The arrangements have been made and we have until June 23rd to get our reservations in.

Sept 16th, 17th & 18th at Riverside-Cedars in Morrisburg Ontario Canada!

The campground has blacked out the sites specifically for "OutBackers"

After June 23rd they will release the sites - might mean you can still go you just may not get a site on the OutBackers Strip.

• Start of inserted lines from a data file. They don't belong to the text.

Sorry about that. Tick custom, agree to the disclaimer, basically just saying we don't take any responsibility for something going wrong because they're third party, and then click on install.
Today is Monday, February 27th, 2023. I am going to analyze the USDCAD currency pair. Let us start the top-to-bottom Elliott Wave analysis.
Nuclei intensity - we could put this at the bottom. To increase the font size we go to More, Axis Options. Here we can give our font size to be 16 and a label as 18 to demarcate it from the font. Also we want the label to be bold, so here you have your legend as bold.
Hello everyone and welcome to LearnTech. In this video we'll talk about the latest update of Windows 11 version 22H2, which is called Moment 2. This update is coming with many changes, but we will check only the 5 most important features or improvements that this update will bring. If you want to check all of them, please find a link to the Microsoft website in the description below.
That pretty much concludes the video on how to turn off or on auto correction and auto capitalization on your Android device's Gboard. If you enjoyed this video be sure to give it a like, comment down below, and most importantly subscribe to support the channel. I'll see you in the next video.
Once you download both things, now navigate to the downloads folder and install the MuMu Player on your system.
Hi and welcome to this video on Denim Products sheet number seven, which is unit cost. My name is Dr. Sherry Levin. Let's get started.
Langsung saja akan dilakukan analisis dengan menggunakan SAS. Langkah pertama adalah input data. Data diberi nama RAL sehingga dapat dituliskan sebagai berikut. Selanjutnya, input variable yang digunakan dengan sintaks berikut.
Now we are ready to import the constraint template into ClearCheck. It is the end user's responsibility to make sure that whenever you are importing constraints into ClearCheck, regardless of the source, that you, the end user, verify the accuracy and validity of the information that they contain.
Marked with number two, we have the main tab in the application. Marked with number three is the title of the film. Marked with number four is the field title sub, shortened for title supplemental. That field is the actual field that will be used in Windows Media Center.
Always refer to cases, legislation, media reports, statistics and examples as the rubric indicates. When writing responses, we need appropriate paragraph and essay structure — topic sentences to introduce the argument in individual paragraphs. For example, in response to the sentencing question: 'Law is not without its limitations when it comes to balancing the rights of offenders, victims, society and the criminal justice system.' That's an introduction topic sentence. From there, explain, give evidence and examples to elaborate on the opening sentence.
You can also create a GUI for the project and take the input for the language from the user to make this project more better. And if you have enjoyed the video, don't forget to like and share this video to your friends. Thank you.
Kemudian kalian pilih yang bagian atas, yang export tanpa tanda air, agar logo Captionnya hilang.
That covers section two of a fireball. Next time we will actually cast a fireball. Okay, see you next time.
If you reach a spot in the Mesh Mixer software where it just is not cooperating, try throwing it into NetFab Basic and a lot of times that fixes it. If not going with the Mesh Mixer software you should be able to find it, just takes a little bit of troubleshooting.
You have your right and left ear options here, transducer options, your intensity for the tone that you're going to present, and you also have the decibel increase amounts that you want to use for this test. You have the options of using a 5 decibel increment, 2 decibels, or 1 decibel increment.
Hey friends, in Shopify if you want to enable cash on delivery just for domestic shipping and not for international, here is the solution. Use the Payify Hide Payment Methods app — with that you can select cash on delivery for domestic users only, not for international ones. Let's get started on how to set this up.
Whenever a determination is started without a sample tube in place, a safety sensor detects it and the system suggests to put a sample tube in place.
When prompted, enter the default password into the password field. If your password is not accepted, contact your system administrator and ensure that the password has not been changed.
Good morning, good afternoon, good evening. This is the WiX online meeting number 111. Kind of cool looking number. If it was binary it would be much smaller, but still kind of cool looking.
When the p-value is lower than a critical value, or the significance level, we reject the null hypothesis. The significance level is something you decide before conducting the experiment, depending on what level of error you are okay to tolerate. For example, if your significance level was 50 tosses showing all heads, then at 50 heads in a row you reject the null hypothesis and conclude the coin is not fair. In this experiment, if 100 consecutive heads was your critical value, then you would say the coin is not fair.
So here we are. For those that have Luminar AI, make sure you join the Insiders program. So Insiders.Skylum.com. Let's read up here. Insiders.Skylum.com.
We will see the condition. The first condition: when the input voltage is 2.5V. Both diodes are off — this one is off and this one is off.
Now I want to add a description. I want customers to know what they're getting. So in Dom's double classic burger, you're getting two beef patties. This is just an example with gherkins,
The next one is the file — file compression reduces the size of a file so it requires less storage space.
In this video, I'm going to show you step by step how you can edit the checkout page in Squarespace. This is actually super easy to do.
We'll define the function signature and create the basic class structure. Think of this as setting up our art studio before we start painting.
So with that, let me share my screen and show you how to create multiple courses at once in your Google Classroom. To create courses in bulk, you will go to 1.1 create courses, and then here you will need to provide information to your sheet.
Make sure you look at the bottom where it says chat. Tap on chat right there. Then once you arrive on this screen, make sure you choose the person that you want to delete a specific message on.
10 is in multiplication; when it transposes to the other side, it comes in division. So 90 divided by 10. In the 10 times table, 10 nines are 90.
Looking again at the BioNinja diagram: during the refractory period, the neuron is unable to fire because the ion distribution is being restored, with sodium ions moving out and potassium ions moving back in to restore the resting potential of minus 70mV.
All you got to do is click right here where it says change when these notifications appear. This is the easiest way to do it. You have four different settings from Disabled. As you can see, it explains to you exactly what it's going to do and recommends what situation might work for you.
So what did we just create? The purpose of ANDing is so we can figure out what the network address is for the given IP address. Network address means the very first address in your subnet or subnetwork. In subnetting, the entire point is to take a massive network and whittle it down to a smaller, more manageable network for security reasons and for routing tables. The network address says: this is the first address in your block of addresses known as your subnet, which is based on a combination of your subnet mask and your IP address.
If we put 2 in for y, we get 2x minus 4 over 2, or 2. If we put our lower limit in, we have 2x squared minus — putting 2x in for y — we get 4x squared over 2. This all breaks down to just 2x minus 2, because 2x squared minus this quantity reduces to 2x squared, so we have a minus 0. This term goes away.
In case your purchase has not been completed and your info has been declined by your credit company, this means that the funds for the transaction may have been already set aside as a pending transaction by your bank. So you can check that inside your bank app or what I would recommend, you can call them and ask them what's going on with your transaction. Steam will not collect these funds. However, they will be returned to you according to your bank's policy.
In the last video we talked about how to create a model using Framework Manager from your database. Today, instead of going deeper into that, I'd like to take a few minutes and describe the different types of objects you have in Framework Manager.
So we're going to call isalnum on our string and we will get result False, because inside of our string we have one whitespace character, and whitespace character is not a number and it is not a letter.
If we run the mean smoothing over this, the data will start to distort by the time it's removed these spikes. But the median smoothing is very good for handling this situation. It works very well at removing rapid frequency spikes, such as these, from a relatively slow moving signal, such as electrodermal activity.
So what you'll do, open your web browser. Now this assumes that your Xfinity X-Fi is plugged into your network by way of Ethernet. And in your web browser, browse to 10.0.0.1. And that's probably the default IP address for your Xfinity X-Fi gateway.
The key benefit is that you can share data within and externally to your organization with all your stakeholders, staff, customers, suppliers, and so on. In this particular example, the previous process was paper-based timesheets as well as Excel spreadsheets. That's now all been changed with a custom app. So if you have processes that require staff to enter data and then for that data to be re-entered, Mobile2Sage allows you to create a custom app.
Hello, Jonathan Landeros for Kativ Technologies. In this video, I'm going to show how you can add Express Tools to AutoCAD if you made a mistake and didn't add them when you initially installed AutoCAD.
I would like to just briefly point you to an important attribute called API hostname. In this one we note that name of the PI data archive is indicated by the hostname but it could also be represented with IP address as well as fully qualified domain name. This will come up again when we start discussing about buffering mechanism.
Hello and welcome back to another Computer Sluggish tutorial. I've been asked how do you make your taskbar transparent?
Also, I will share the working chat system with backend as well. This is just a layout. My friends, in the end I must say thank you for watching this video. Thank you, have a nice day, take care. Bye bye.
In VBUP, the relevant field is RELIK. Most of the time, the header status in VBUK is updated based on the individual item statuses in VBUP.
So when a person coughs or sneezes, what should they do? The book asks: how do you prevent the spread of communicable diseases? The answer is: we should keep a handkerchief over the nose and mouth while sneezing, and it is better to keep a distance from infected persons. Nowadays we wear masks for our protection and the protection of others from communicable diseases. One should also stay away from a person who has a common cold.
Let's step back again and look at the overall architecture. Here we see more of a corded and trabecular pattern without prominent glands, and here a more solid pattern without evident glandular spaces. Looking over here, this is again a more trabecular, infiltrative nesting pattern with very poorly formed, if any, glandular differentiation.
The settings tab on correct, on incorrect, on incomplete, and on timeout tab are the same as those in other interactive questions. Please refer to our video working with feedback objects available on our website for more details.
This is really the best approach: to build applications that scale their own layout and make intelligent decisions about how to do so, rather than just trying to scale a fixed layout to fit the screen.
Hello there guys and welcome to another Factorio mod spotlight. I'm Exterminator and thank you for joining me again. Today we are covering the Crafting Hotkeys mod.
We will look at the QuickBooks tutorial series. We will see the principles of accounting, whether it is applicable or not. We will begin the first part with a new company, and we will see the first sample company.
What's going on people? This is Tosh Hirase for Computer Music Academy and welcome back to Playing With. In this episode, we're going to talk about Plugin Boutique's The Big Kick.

action **SEE THE THOUSAND ISLANDS RALLY POST FOR DETAILS** action

Thanks
Wayne


----------



## Ghosty (Jan 17, 2005)

Let me see -- thats only a mere 2312 milesfrom my house --


----------



## hurricaneplumber (Apr 12, 2004)

Wayne,

After yesterdays booking and denial and RCCl site stealing, tonight I went to book again, this time with the correct credit card and they were closed. They open at 9ish on saturday so I will be the first one calling then.

This trip has turned into lots of work already, oh well, I know that pull-thru site 153 has a unlimited quantity of some great canadian beer!!!









I will let you know what site I end up with.

Kevin


----------



## hurricaneplumber (Apr 12, 2004)

We are in site 155, on da corner.


----------